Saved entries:
[Start of section]
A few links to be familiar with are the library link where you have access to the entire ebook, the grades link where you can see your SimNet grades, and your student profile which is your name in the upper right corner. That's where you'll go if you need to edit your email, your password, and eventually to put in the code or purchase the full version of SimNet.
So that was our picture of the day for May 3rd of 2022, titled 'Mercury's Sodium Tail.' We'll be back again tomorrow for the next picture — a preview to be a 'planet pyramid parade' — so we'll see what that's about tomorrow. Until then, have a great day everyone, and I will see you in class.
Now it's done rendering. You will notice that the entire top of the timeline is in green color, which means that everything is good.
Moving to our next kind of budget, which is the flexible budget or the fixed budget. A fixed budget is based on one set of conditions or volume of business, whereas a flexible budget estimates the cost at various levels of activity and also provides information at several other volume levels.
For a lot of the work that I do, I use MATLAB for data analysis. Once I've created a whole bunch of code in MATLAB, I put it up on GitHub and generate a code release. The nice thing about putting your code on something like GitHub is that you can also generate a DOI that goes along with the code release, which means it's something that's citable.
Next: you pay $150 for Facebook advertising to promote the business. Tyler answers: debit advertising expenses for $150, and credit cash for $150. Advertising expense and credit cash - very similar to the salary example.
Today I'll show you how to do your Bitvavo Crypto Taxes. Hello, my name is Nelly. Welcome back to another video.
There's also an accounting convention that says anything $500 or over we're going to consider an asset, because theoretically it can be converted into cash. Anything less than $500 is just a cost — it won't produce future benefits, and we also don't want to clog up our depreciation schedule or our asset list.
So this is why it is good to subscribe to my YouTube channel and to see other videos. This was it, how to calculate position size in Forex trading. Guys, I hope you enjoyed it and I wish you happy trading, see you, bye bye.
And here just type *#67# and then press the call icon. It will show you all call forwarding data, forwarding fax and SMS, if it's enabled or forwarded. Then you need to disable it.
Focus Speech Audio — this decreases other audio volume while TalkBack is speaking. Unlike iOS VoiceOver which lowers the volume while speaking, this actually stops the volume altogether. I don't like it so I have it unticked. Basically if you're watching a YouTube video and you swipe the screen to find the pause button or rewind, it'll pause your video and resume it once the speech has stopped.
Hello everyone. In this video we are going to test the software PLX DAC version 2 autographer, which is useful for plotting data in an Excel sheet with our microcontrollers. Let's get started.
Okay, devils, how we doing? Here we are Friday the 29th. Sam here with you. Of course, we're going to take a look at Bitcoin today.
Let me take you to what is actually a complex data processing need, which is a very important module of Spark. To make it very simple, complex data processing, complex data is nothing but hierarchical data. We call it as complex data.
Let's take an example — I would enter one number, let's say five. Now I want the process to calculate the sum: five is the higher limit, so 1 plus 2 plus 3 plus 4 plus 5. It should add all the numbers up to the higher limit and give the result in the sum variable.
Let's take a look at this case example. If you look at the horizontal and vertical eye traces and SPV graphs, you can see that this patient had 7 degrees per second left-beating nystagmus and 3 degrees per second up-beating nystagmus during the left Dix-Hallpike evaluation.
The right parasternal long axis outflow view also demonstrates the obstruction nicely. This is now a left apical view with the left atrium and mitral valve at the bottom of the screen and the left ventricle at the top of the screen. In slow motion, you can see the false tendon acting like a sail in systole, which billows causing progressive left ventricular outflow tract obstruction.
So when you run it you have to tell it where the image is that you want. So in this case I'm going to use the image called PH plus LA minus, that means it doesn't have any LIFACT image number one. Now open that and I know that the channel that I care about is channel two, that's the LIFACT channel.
[End of section]
The problem: Up to and including the line with "Now it's done", repeat the entries exactly, beginning at their first line.

Answer area:
A few links to be familiar with are the library link where you have access to the entire ebook, the grades link where you can see your SimNet grades, and your student profile which is your name in the upper right corner. That's where you'll go if you need to edit your email, your password, and eventually to put in the code or purchase the full version of SimNet.
So that was our picture of the day for May 3rd of 2022, titled 'Mercury's Sodium Tail.' We'll be back again tomorrow for the next picture — a preview to be a 'planet pyramid parade' — so we'll see what that's about tomorrow. Until then, have a great day everyone, and I will see you in class.
Now it's done rendering. You will notice that the entire top of the timeline is in green color, which means that everything is good.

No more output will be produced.